When did humans start to transform Earth?

UMBC’s Erle Ellis introduces the Anthropocene

This story was written by Catalina Sofia Dansberger Duque and first appeared on news.umbc.edu

“Humans have emerged as a force of nature on this planet,” UMBC’s Erle Ellis says, as he begins to explain his work. Ellis, a professor of geography and environmental systems is one of the world’s leading thinkers on the Anthropocene, a new word scientists are using to describe Earth’s current geological epoch, defined by human transformation of the planet. 

“We are changing Earth’s climate faster than at any time since the fall of the dinosaurs,” says Ellis.
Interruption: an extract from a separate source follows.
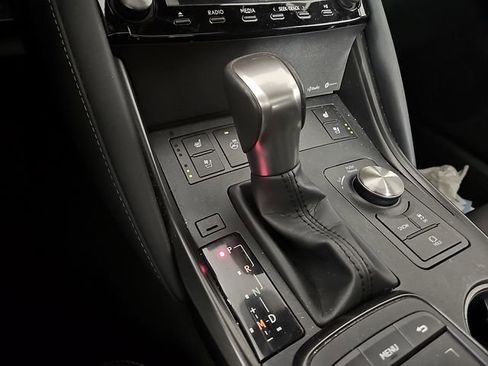Used 2024 Lexus IS 300 w/ Premium Package RWD image 16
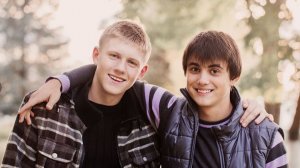 Мне нужен друг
For scientists, he notes, “What’s controversial…is when did this begin? […] When did humans literally become the global shaper of the earth?”
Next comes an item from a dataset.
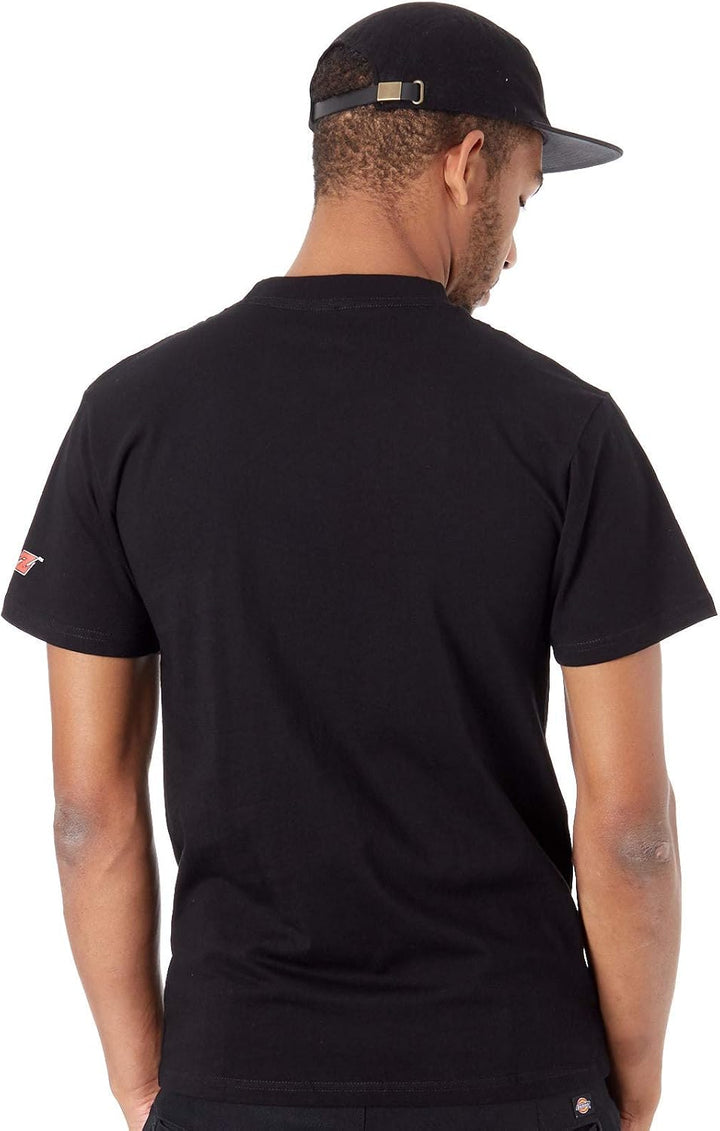 Zoo York Unisex – Erwachsene York Logo Skateboard 7.75" Schwarz/Weiãÿ, 7.75" Schwarz/Weiãÿ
In 2009, the International Commission on Stratigraphy, through its Subcommission of Quaternary Stratigraphy, created the Anthropocene Working Group (AGW) that is officially charged to examine whether the Anthropocene should be added as a formal time interval in the geologic time scale (following the Holocene, the current geological epoch after the last ice age) and, if so, what should mark its beginning. Shortly after its formation, Ellis was asked to join the Anthropocene Working Group as an expert on human transformation of the biosphere.

AWG workshop in 2015 at the McDonald Institute for Archaeological Research, University of Cambridge, UK. Erle Ellis is on the left side, in the green shirt. Photo courtesy of Erle Ellis.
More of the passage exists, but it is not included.